Of course, if you are already pass through m green towers, you should have got m*y damage per second. The same, if you are already pass through k blue towers, the enemy should have took t + k*z seconds every unit length.

FSF now wants to know the maximum damage the enemy can get.

There are multiply test cases.

The first line contains an integer T (T<=100), indicates the number of cases.

Each test only contain 5 integers n, x, y, z, t (2<=n<=1500,0<=x, y, z<=60000,1<=t<=3)
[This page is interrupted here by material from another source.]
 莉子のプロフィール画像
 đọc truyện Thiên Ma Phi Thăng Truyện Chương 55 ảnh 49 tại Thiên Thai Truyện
For each case, you should output "Case #C: " first, where C indicates the case number and counts from 1. Then output the answer. For each test only one line which have one integer, the answer to this question.

1
2 4 3 2 1

Case #1: 12

Hint
For the first sample, the first tower is blue tower, and the second is red tower. So, the total damage is 4*(1+2)=12 damage points.
 

UESTC

题意：

给你一段长为n的路，每一个单位长度可以放一种塔，这里有三种塔。

1）对正在经过这座塔的敌人进行 x 每秒伤害的攻击

2）对于已经经过这塔的敌人进行y每秒的伤害攻击

3）对已经经过这个塔的敌人放慢速度，使得原先为 经过一个单位时间为  t的速度变为  t+k

#include<cstdio>
#include<cstring>
#include<iostream>
using namespace std;
const int maxn=1617;
typedef __int64 LL;
LL dp[maxn][maxn];
LL n,x,y,z,t;
int main()
{
    int T;
    int cas = 0;
    scanf("%d",&T);
    while(T--)
    {
        scanf("%I64d%I64d%I64d%I64d%I64d",&n,&x,&y,&z,&t);
        memset(dp,0,sizeof(dp));
        LL ans = n*t*x;//全部放红塔
        
        for(LL i = 1; i <= n; i++)
            for(LL j = 0; j <= i; j++)
            {
                if(j == 0)//没有减缓塔（蓝塔）
                    dp[i][j]=dp[i-1][j]+t*(i-j-1)*y;
                else
                    dp[i][j]=max(dp[i-1][j-1]+(i-j)*y*(t+(j-1)*z),dp[i-1][j]+(i-j-1)*y*(t+j*z));
                ans = max(ans,dp[i][j]+(n-i)*(j*z+t)*(x+(i-j)*y));
            }
        printf("Case #%d: %I64d\n",++cas,ans);
    }
    return 0;
}